──────── Material provided ────────

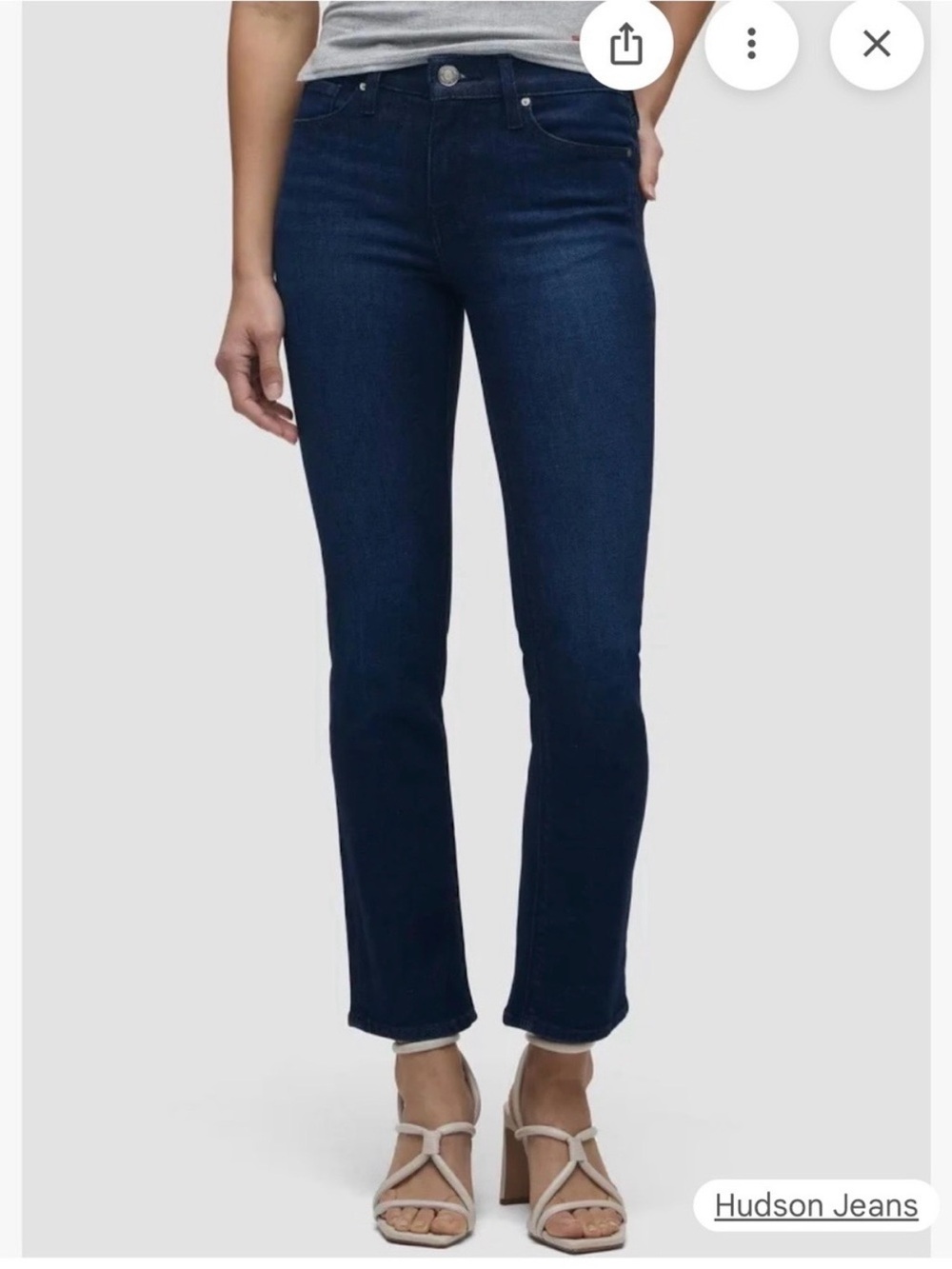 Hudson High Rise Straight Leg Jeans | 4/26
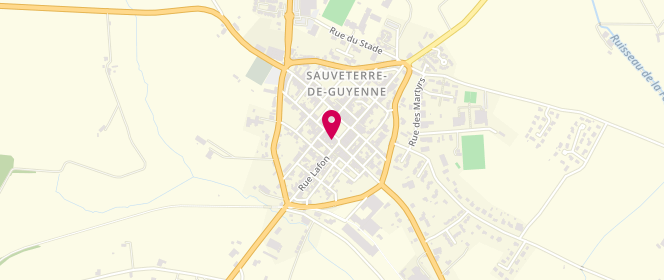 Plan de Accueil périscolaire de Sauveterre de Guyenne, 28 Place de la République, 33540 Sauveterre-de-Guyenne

────────
──────── Material provided ────────

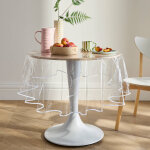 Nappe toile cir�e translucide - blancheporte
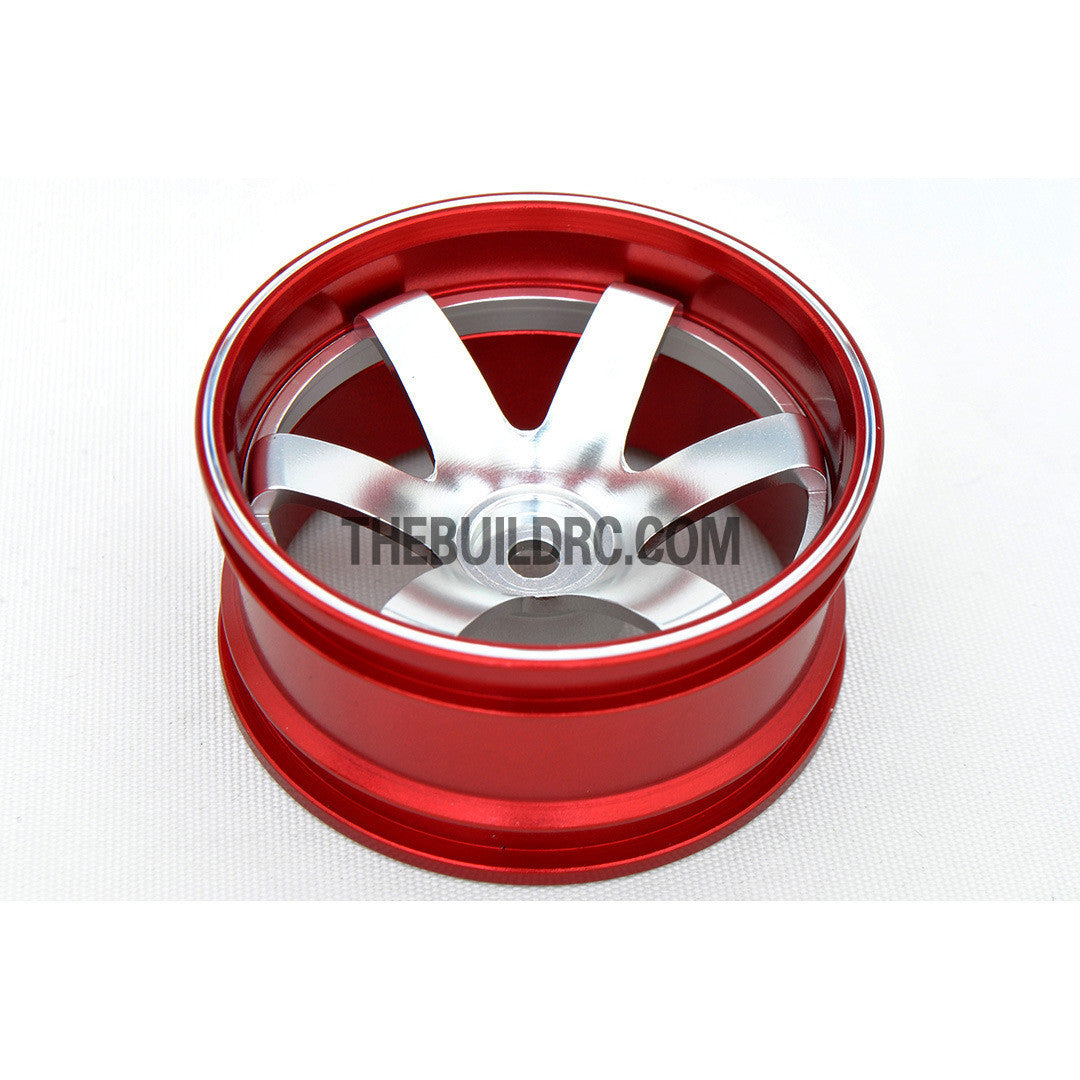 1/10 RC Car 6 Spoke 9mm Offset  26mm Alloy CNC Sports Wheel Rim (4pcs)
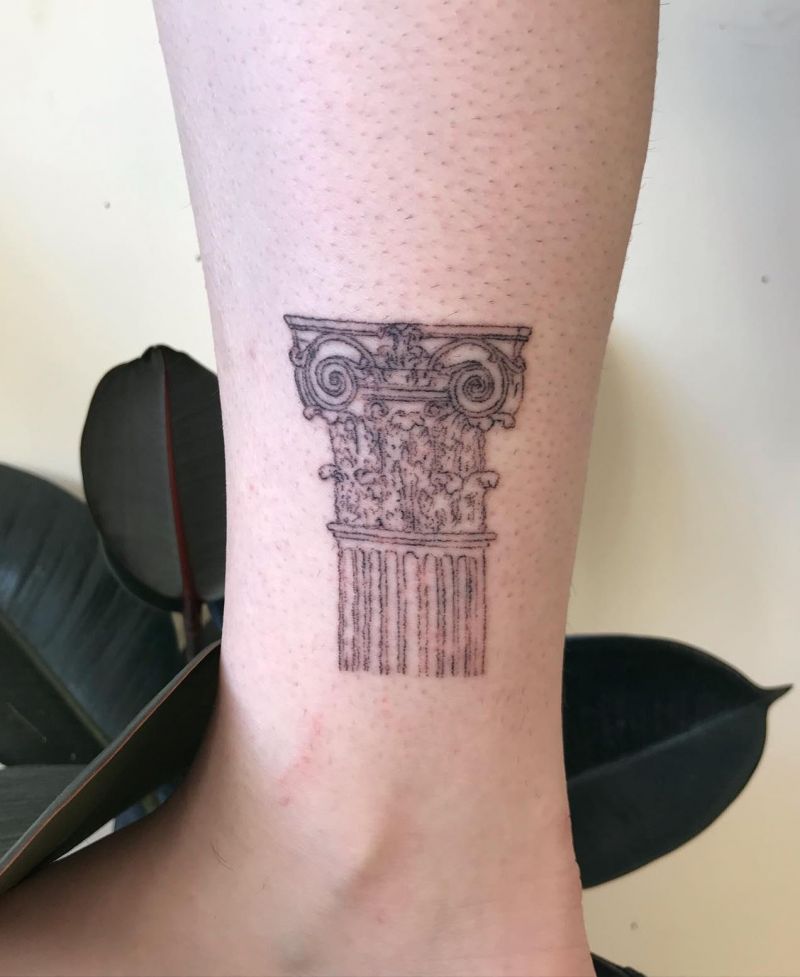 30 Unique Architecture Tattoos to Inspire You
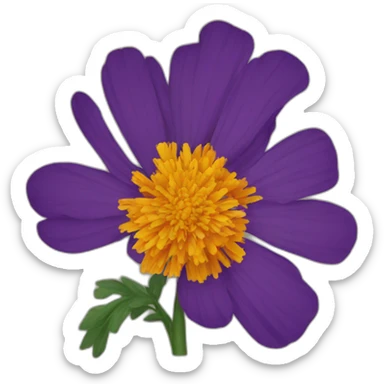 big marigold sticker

────────

■ Your instructions
Repeat only the stretch of data above that runs from the line with "Hudson High Rise Straight Leg Jeans | 4/26" to the line with "Plan de Accueil". Keep both end lines; exclude pictures.

■ Result of the exercise
 Hudson High Rise Straight Leg Jeans | 4/26
 Plan de Accueil périscolaire de Sauveterre de Guyenne, 28 Place de la République, 33540 Sauveterre-de-Guyenne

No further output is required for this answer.